The largest single contribution Grodenchik received was from the Local Union No. 3 in Fresh Meadows, which represents electricians. The group gave $3,850.
Assemblyman Phil Goldfeder also threw his financial support behind Grodenchik and handed the candidate a $175 donation.
Of the $151,304 Grodenchik has received in total contributions, $110,253 are from city residents and $41,051 come from outside the city.
The largest contribution given during this reporting period to Avella, a longtime civic activist who previously served in the City Council and has run for mayor, was from Flushing resident Carla Fodera, of Fodera Foods Management. She donated $2,500.
Joseph Lume, a carpenter from Middle Village, gave $500, as did Giovanni Mangogna, who owns the Middle Village Cafe.
Most of Avella’s contributions came from city residents, with $48,471 of his $57,211 being donated by those from the five boroughs.
While major donors to Katz’s campaign have not been listed for the most recent filing period, she, like many of the borough president candidates, received significant backing from the real estate industry. Hugo Ruiz of the Roxann real estate group gave $3,500, and Zachary Kerr, an executive at the Brooklyn-based M&R Management, a real estate company, donated $3,850.
Bernard Schwartz, a World War II veteran who was the largest single contributor to the Democratic party in the early 1990s, gave Katz $3,850. Schwartz is now the CEO of the Manhattan-based BLS Investments.

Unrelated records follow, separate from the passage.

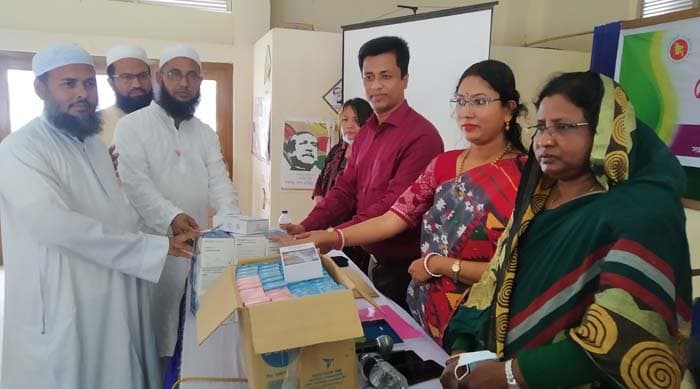 মাটিরাঙ্গাতে নিরাপদ খাদ্য ও ভোক্তা অধিকার আইন বিষয়ক কর্মশালা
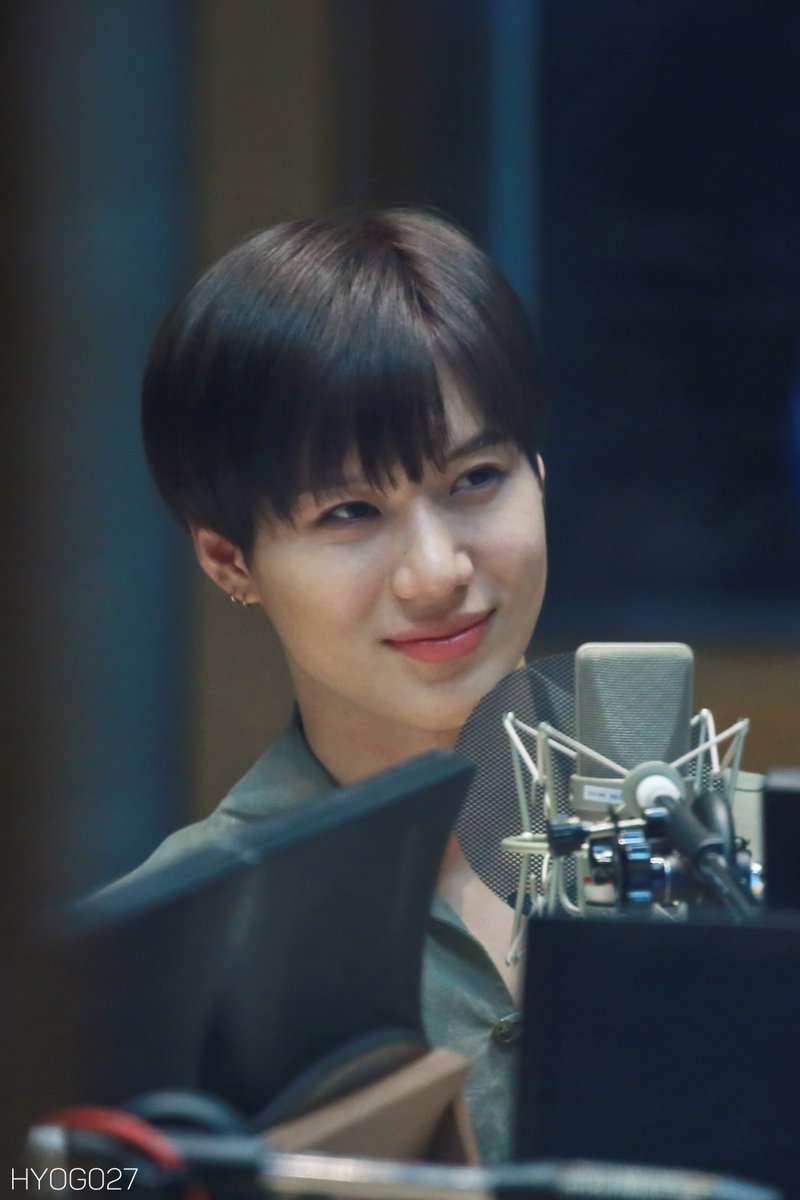 HYOG027_ltm's tweet photo. 180628 별밤 #샤이니 #SHINee #태민 #이태민 #Taemin #泰民 #李泰民 
눈에 별이 보인다🧀 https://t.co/jCTbCu1Iou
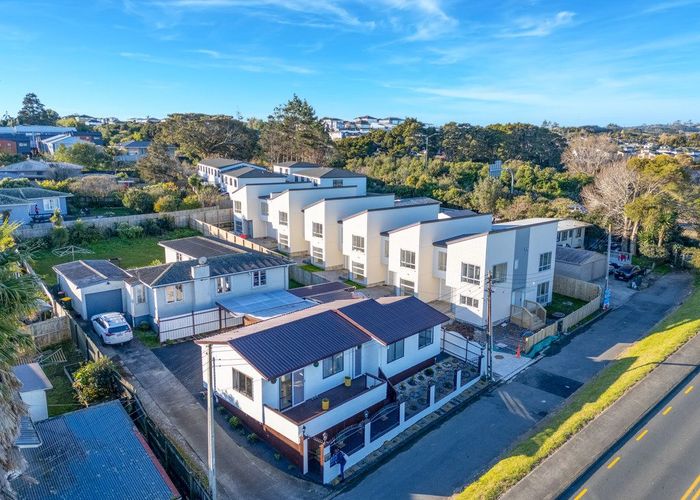  at 2/86 Alfriston Road, Manurewa East, Manukau City, Auckland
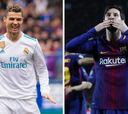 La diferencia entre Messi y Cristiano, según Ferdinand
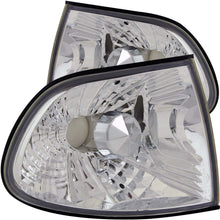 Load image into Gallery viewer, ANZO USA 521009 Cornering Light Assembly for Select BMW 740i, BMW 740iL, BMW 750iL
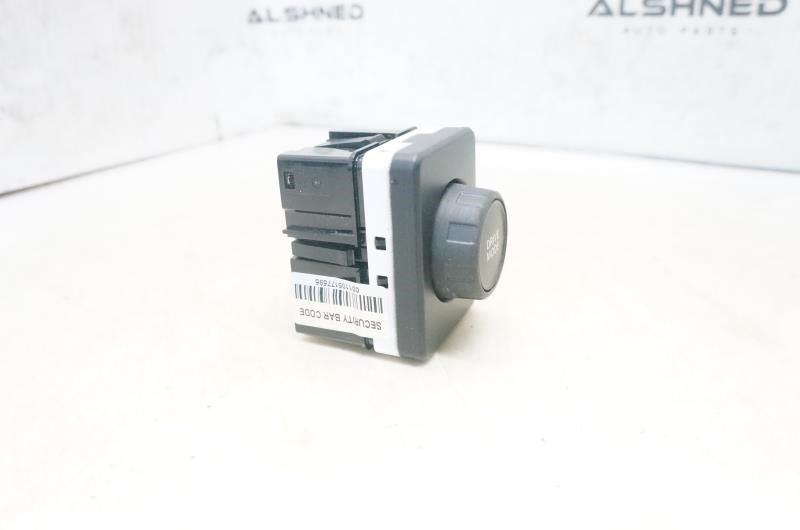 2021-2023 Ford F150 Drive Mode Transfer Case Switch NL3Z-14B596-AB OEM - Alshned Auto Parts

Several attorneys also donated $3,850, as did Andrea Catsimatidis – who is married to former U.S. President Richard Nixon’s grandson and is the daughter of Republican mayoral candidate John Catsimatidis.

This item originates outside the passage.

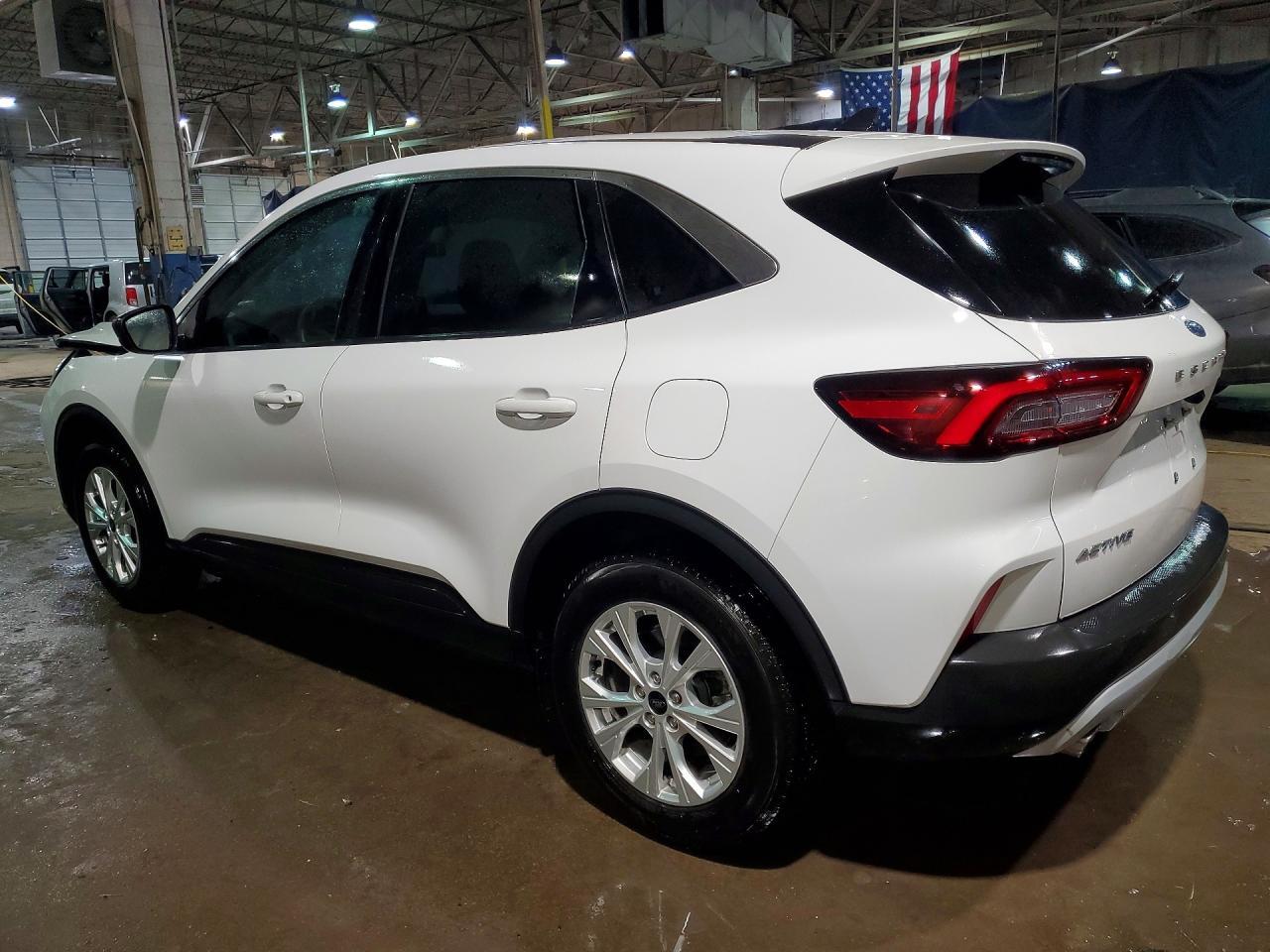 2023 FORD ESCAPE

Vallone, meanwhile, received a donation of $850 from John Catsimatidis during the last filing cycle. Real estate groups have thrown significant weight behind Vallone, and the councilman reported he had received $1,000 each from individuals representing Strathnore Group LLC and the Shalimar Management Corporation.
The Astoria councilman also received support – in the form of $320 – from Jeffrey Wilpon, the chief operating officer of the Mets and the son of the Mets majority owner Fred Wilpon.
Peralta, who raised about $112,000 in the previous cycle, had received the financial backing of a long list of unions, including the Local 100 Transport Workers, Local 14-14B Operating Engine, Local 32B-32J SEIU AFL-CIO, and Local 46 PAC Metallic Leathers.
One of his largest contributions stemmed from Astoria resident Gina Argento, the CEO of Broadway Stages, one of the city’s largest film and television production facilities, who handed him $3,000. Nissren Gadelrab, a Jackson Heights pharmacist, also donated $3,000 to Peralta.
During the last filing period, Comrie’s largest single gift came from Matthew Huggins, a retiree from Jamaica who gave the councilman $1,520. An insurance broker from Far Rockaway gave $500, as did South Richmond Hill resident Jarnail Singh, the owner of JS Metro Construction Inc. Community Board 12 District Manager Yvonne Reddick donated $450 to Comrie.